It is certainly gratifying, and actually very easy, to make fun of Trump. His cheap, China-manufactured ties, which he attaches with scotch-tape so that the ends don’t flap around, are funny, and so is his gaudy Trump Tower residence, decked out with ostentatious decorations and portraits of its narcissistic owner.

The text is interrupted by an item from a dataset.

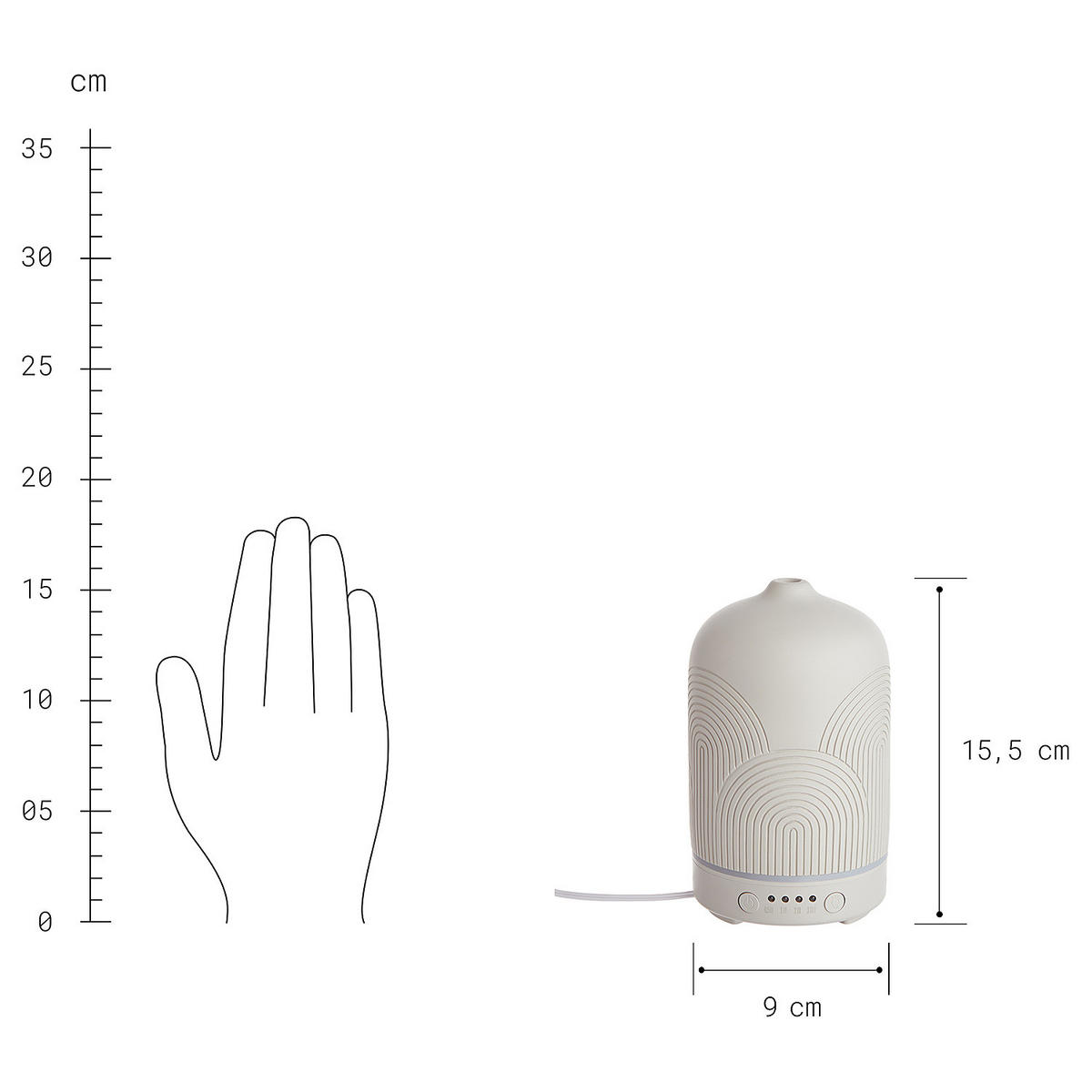 AROMA-DIFFUSER Cloud Nine - Grau, Kunststoff (9/16/9cm) - Butlers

Obama made some good jokes about this during the White House Correspondents’ dinner of 2011. That night, Trump was the also the butt of jokes by comedian Seth Meyers who joked that “Donald Trump has been saying he’ll run for president as a Republican, which is surprising as I just assumed he was running as a joke.”[14] While we obviously don’t know what he was thinking that night, Trump did look unhappy and humiliated during Meyer’s act, which prompted some to say that it triggered some deep yearning for revenge in him.[15] Meyers later apologized to the public.  However, he did so not for beating up Trump, but for the fact that his jokes may have led to Trump’s running for president.

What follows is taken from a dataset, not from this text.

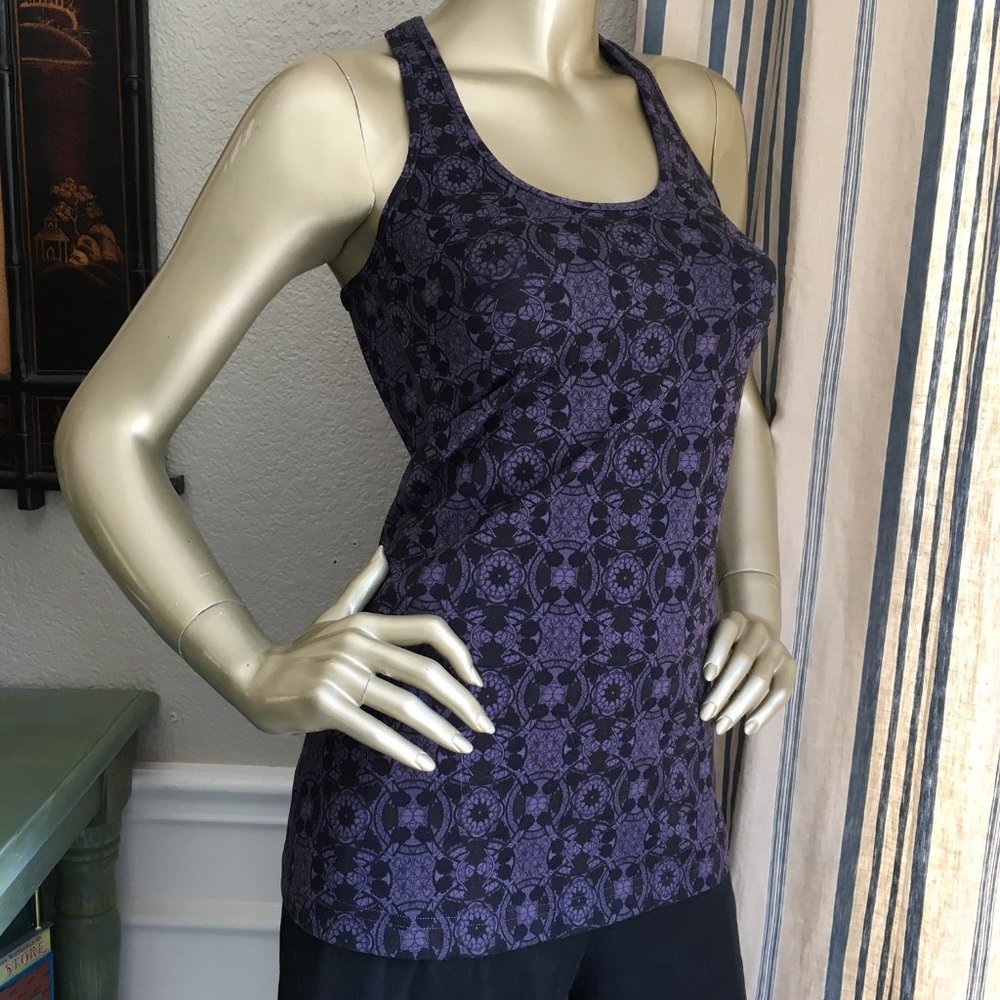 lululemon athletica Purple and Black Patterned Racerback Tank Top - Picture 2 of 7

            Trump’s presidency has turned me into a comedy junkie, but I concede that my addiction to his public humiliation in various comedy shows makes me complicit with the kind of mean-spirited humor that is also the essence of the tendentious joke. My liberal laughter at Trump is its own version of plain old Schadenfreude, for how is it different from the affirmative laughter “prescribed by the pleasure industry” in the form of “fun as a medicinal bath”?[16] It certainly isn’t a viable form of resistance. Adorno and Horkheimer write that “Donald Duck in the cartoons and the unfortunate victim in real life receive their beatings so that the spectators can accustom themselves to theirs.”[17] The danger of humor as mass entertainment, whether directed at Donald Duck or “The Donald”, is that it primes us to capitulate to power as something inescapable. Take Meyer’s joke about Trump “running as a joke.” The sad truth here is that this joke isn’t just on Trump but on all of us, and on our democracy, in which the kinds of ideologies that used to drive political discourse and public debate have been replaced by an hyperbolically advanced, mutated form of culture industry that has turned “reality” into mass entertainment and mass entertainment into our new “reality.” The joke isn’t on Trump who ran for president, but on us, who allowed this to happen.



 

[1] Maureen Dowd, “Judd Apatow Freaking Out Over Donald Trump” The New York Times, 14 January, 2017. Web. https://www.nytimes.com/2017/01/14/opinion/sunday/judd-apatow-freaking-out-over-donald-trump.html

[2] Quoted after Mark Singer, Trump and Me (New York: Tim Duggan Books, 2016), 103.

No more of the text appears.